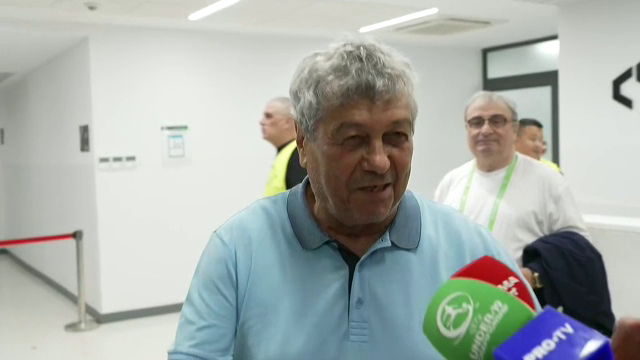 Mircea Lucescu a reacționat imediat după ce Rom&acirc;nia s-a calificat &icirc;n semifinalele EURO U19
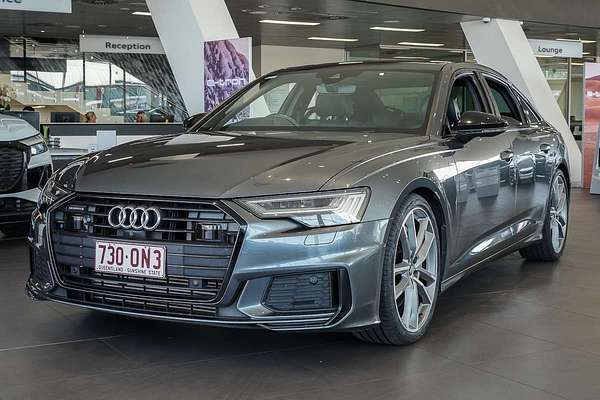 2019 Audi A6 55 TFSI S line C8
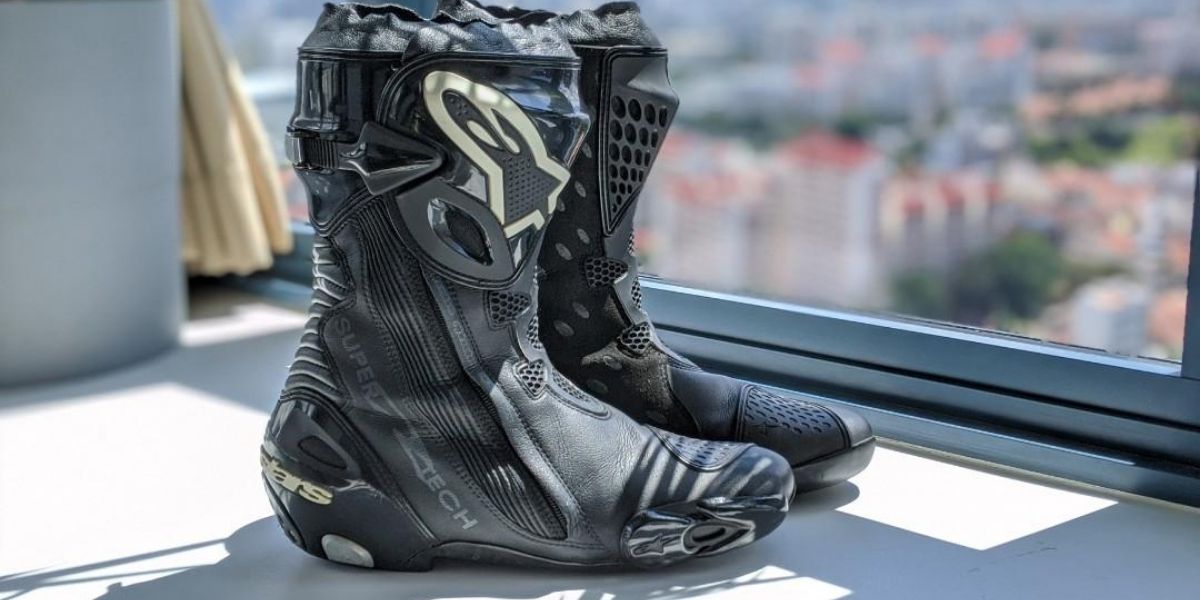 5 Best Motorcycle Racing Boots [2022] Rev Corner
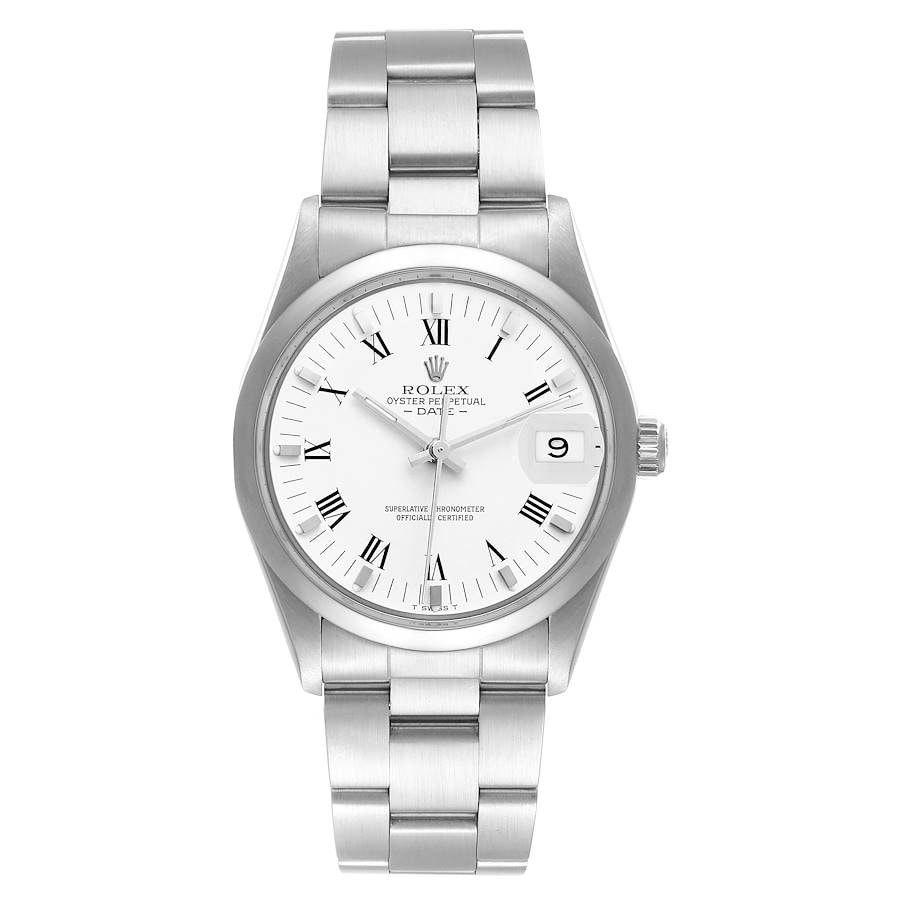 Rolex Oysterdate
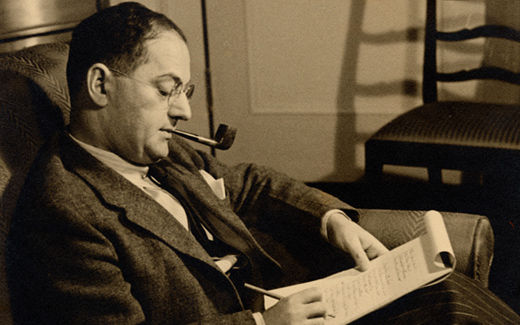 “Words by Ira Gershwin”: Where’s the man behind the legendary lyrics?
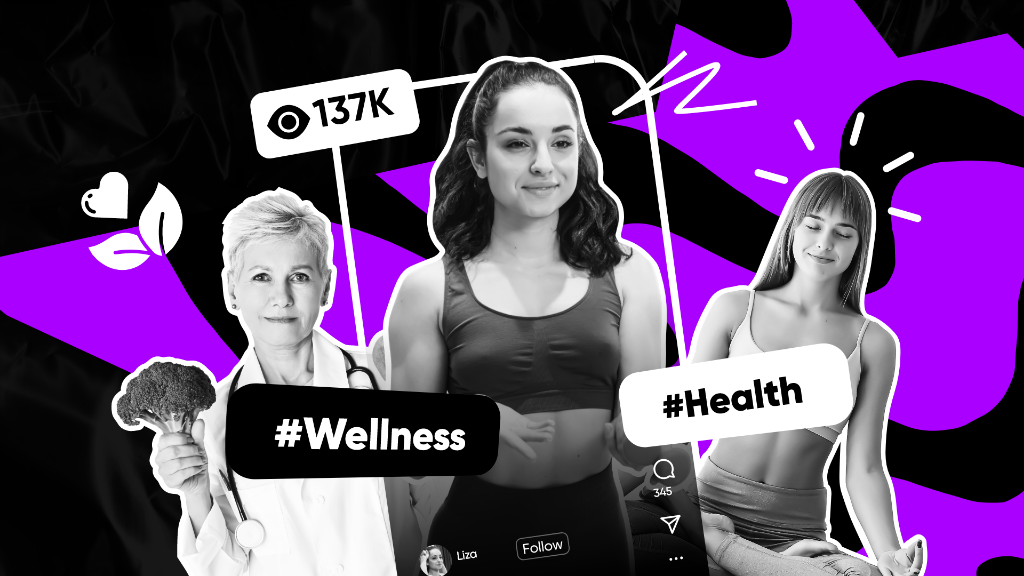 Health & wellness influencers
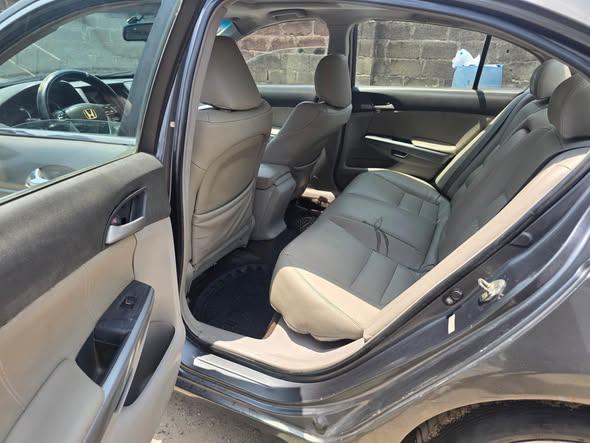 A picture of 2008 Honda Accord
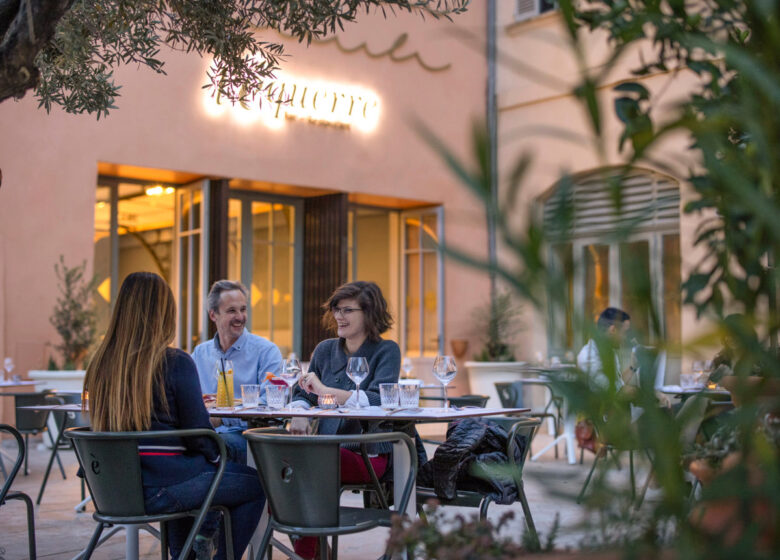 L’Eautel Toulon – Restaurant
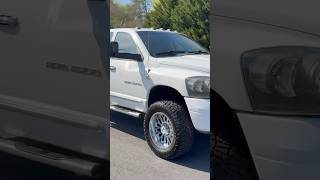Banks 6 Gun tuned SUPER CLEAN 5.9 Cummins!!! Lifted wheels tires exhaust! For sale call 540-898-3025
• • • •
▶ _PROBLEM DETAILS_
Leaving out every picture, copy exactly the lines from the one that contains "Health & wellness influencers" through the end of the entries above.

▶ _RESULT OF THIS EXERCISE_
 Health & wellness influencers
 A picture of 2008 Honda Accord
 L’Eautel Toulon – Restaurant
Banks 6 Gun tuned SUPER CLEAN 5.9 Cummins!!! Lifted wheels tires exhaust! For sale call 540-898-3025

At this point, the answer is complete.